18 June 2010

Friends of Ham Lands

Ham Lands is the name given to the wild stretch of land between the River Thames and the houses as it sweeps round the long way from Kingston to Richmond. It's a lovely wild area where the presence of man is well hidden and I delight in walking there and taking photos of it for my other blog.

Recent events locally led to the birth of the Friends of Ham Lands (FoHL) which, while I had to muss their inaugural meeting, I've been quick to get involved in via their web site, forum and facebook page. And this week I had the chance to go to a meeting too.

The group having been established at the first meeting the committee was already in place and was sitting formally at the front of the room with the rest of us facing them lecture room style. This was no real surprise but it was hardly the best arrangement to encourage participation and involvement.
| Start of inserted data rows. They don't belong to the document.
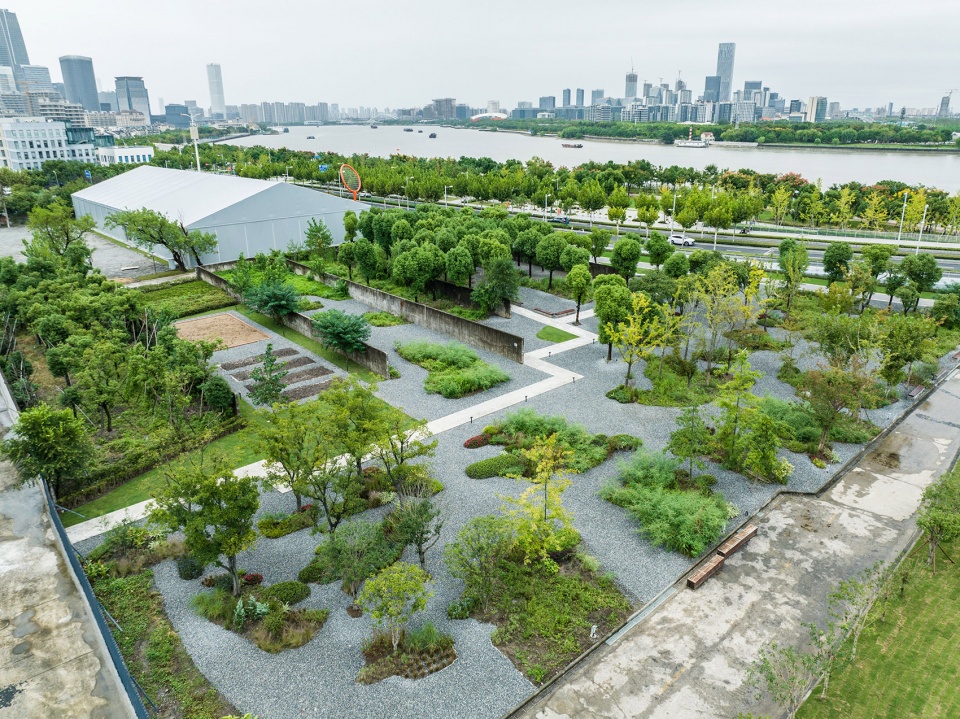 double garden by possibilism design studio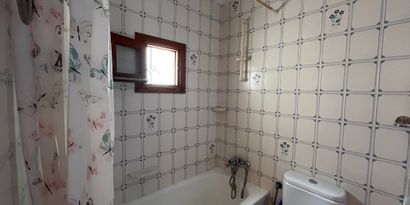 Real Estates picture 12 Ref. 82216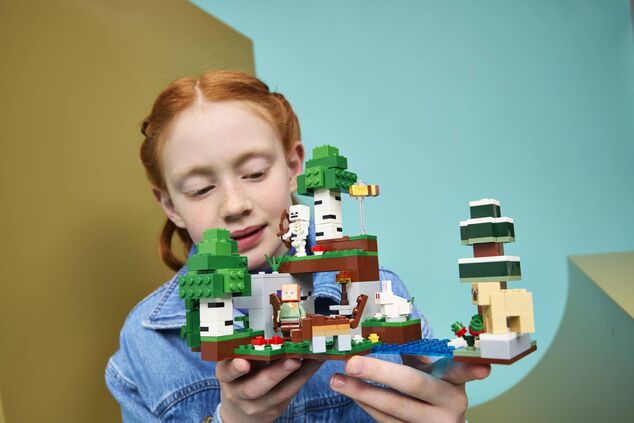 LEGO® Minecraft™ 21593 Prvé nočné dobrodružstvo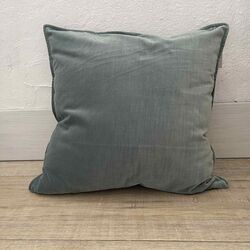 Подушка H&S 51077 45х45 (Green Grey) Thumb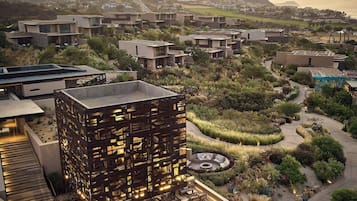 3 bares y 2 bares junto a la piscina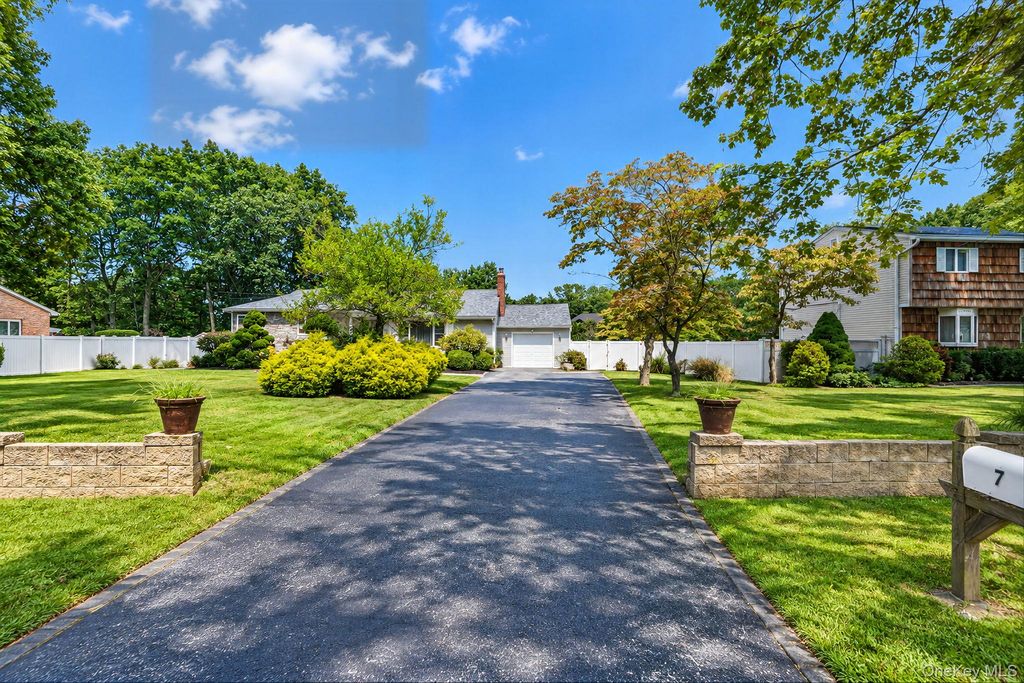 79 Fulton Boulevard, Commack, NY 11725 — photo 3
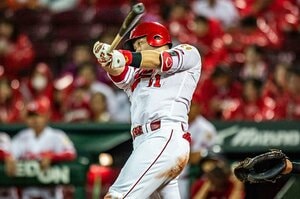 メジャーリーグ挑戦表明・鈴木誠也（27）の同世代は“スター”ばかりで超高給？ 大谷翔平は3億円超、“収入事情”と実績を調査してみた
There was an agenda and we may even have followed it at times, e.g. I recall a Treasurer's report to account for the £100 or so spent to date, but we spent most of the evening discussing the committee's pet topics, which seemed to focus on getting rid of undesirables from the area. This was not a Ham Lands that I recognised as in my many years of walking through the wilder and more secluded places I have never had any trouble of any sort.

There was also a lot of enthusiasm for signs to tell you where you are, i.e. to label the different sections of Ham Lands, in case you needed to phone the police to report these undesirables. This struck me as a very last century solution as the easiest way to find out where you are these days is to ask your phone.
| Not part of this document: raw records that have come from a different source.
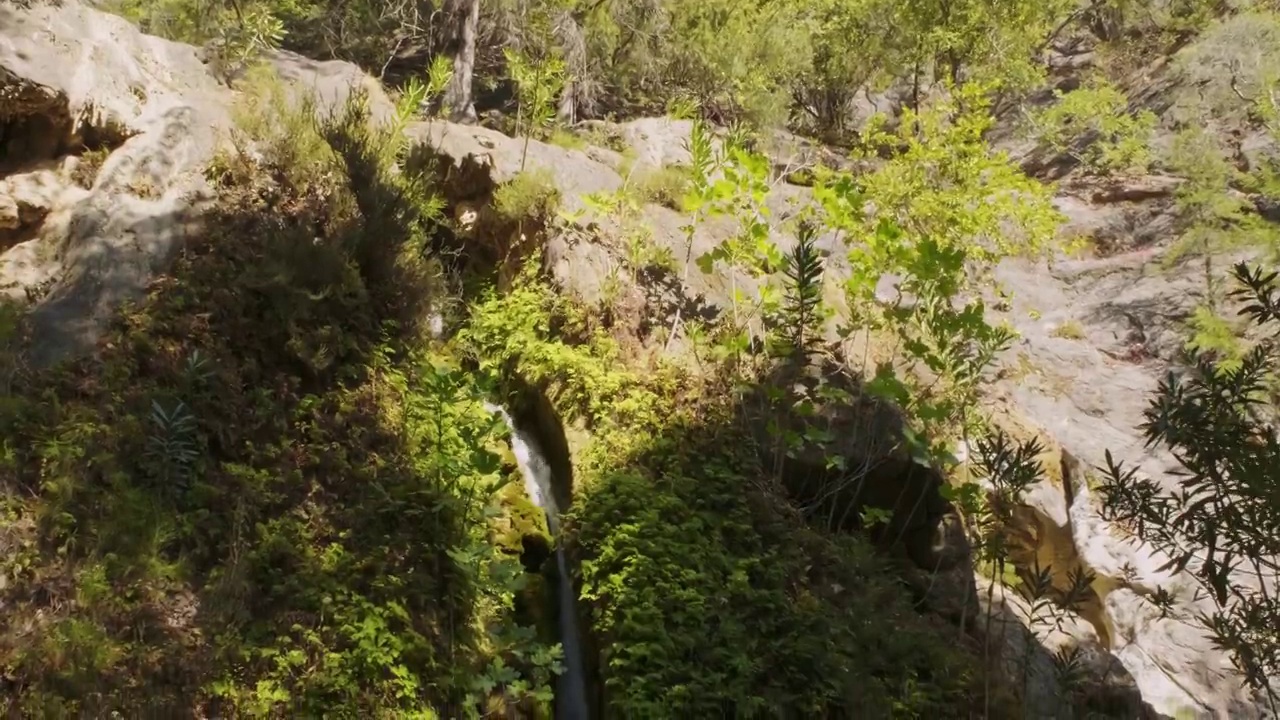 土耳其穆格拉卡巴克湾Likya路上的Aladere瀑布的一般镜头视频下载
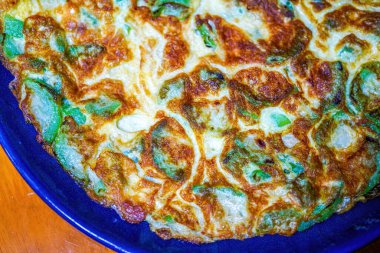 Lezzetli bir Çin yemeği, fasulyeli omlet.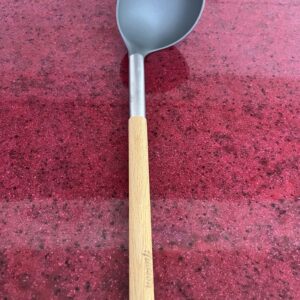 Set-de-6-utensillos-con-mango-de-madera-con-vaso-giratorio-8.jpg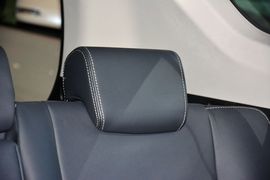 2015款丰田RAV4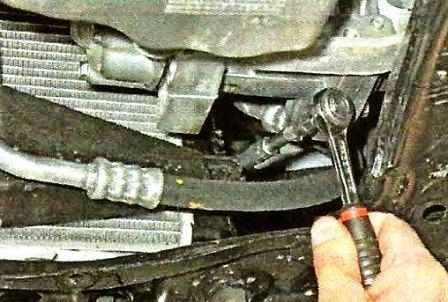 Cómo quitar el ventilador del radiador del automóvil Nissan Almera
That said, I do like the idea of useful maps that show you were to find the different flora and fauna that take advantage of the wilderness.

On balance, the meeting was just about OK and I felt that some gentle nudging could get them to take a structured and informed approach to making changes. This is what I get paid to do at work after all.

But the real highlight of the evening was going to the Ham Brewery Tap afterwards. I had heard rumours from several sources of it's recent rise to respectability after its years of notoriety and they proved to be true. It is now a cosy locals pub that sells a decent pint of Young's Ordinary and I am one local who'll be going back there soon.